Lafarge and its competitors face opposition from another quarter as well.

The hazardous waste incineration industry -- which burns mostly solid hazardous wastes, rather than the liquid wastes that cement producers use -- has stepped up its attacks against cement producers by pressing the Environmental Protection Agency to tighten its regulation of the kilns.

The incineration industry, analysts said, is concerned that cement producers, free from meeting expensive federal regulations, have developed technologies that will allow them to burn solid waste and lure away lucrative contracts.

"The solids {are} where the real money is," said Debra G. Coy, a hazardous waste analyst with Washington Analysis Corp., a Washington consulting firm.

Industry analysts said the cement producers' competitors also fear a repeat of what happened when they began burning liquid hazardous waste: More options for disposing of the waste pushed down the price companies had to pay for disposal.

The EPA itself helped the cement producers emerge as competitors of the solid-waste incinerators in the last few years, analysts said.

The agency exempted cement kilns and about 1,000 other industrial boilers and furnaces from rules applied to commercial hazardous waste incinerators because the EPA considered them to be recyclers, using hazardous waste to manufacture a product.

At the same time, the agency ran tests at several kilns and concluded they could safely burn hazardous waste. State air pollution regulators, relying on the EPA tests, typically granted permits to cement companies seeking to burn hazardous waste.

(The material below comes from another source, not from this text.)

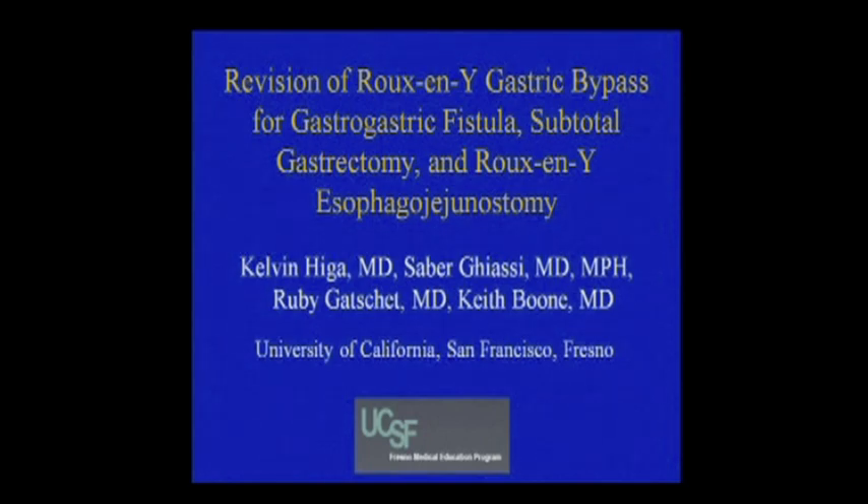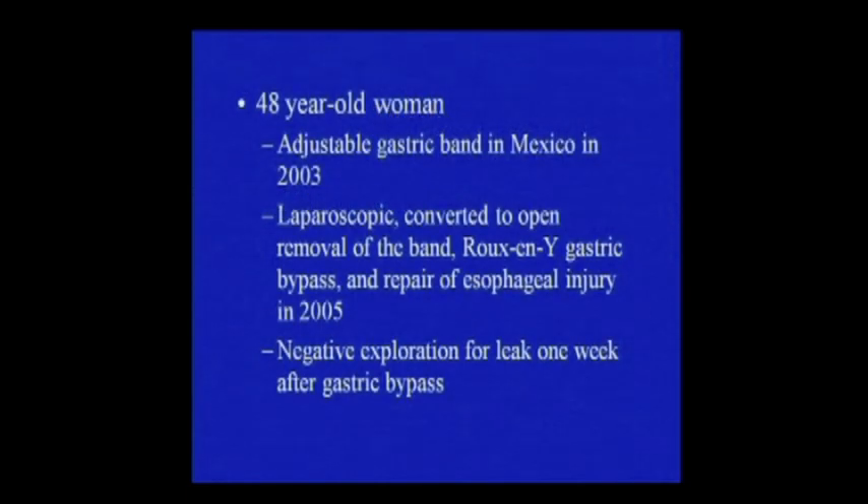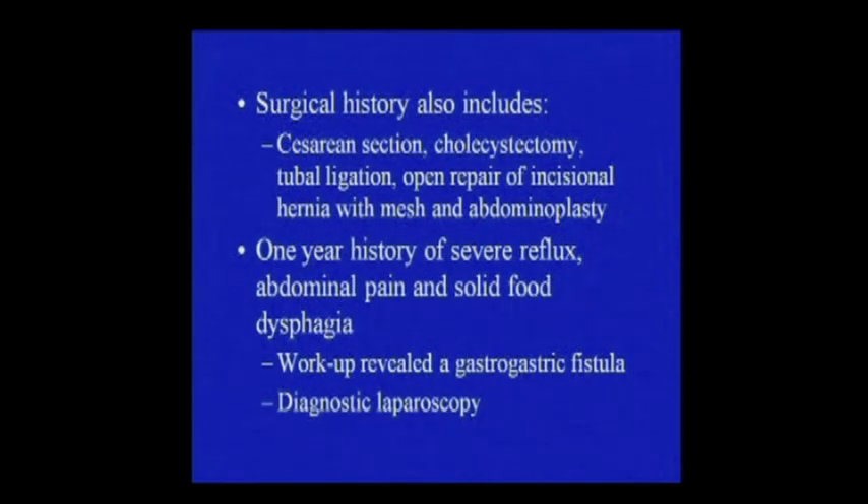This video is of a challenging case of gastro-gastric fistula after Roux-en-Y gastric bypass. The patient is a 48-year-old woman who had an adjustable gastric band placed in Mexico, followed by a laparoscopic converted to open revision to Roux-en-Y gastric bypass at an outside institution in the U.S. She presented to us with a one-year history of epigastric pain, solid food dysphagia, and severe reflux, and on her preoperative workup she was found to have a gastro-gastric fistula. She also had an extensive past surgical history, which included open hernia repair with mesh.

Technology and economics also helped. Hazardous wastes burn at the high temperatures needed to produce cement from clay, sand and limestone, and they are relatively cheap compared with traditional fuels.

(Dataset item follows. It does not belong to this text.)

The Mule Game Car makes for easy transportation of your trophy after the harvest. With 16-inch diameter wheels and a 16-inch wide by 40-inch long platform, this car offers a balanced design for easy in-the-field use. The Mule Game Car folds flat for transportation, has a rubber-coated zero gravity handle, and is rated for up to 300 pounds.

Given all those reasons, Lafarge, the eighth-largest public company in the Washington area with 8,200 employees and $1.5 billion in sales last year, jumped into the field by purchasing Systech in 1986.

Lafarge invested millions of dollars in making its U.S. cement plants able to burn hazardous waste. The firm was able to reduce the fuel bill at its Alpena, Mich., cement plant by at least 20 percent, and keep its Fredonia, Kan., plant economically viable, Wittmann said.

Most of the wastes come from producers of solvents, inks, cosmetics, toys, medical supplies and electronics and autos. The EPA allows cement kilns to burn more than 125 different chemical compounds, many of which contain low amounts of chlorinated solvents and a wide range of heavy metals, including lead, chromium and barium.

Environmental groups claim the chlorinated wastes provide the right conditions for creating emissions of dioxin -- an extremely toxic compound, although it has not been positively linked to serious health problems in humans. Highly toxic chemicals like PCBs and pesticides aren't allowed for use in cement kilns.

In the last year, community groups in towns like Lebec, Calif., Cottonwood, Ariz., and Yellow Springs, Ohio, were formed with the help of the environmental group Greenpeace to oppose the cement producers.

EPA is preparing to tighten the rules on what cement kilns can burn, but the new regulations are not expected to be issued until next year and cement producers will have several years to meet the standards.

Systech, which saw its revenue jump 31 percent in 1989, has no intention of slowing its expansion in the face of opposition and is developing a technology to burn solid hazardous waste that companies pay about $500 per 55-gallon drum just to get rid of.

Company officials said their technical arguments, backed by EPA data, will convince communities that burning hazardous waste in cement kilns is not a health threat. "All we are asking for is the right to go through the permitting process," Wittmann said.

As for the hazardous waste incineration industry, Wittmann said, cement kilns cannot absorb all the hazardous waste U.S. companies produce. "We believe there is room for both of us because we can only accept select wastes," he said.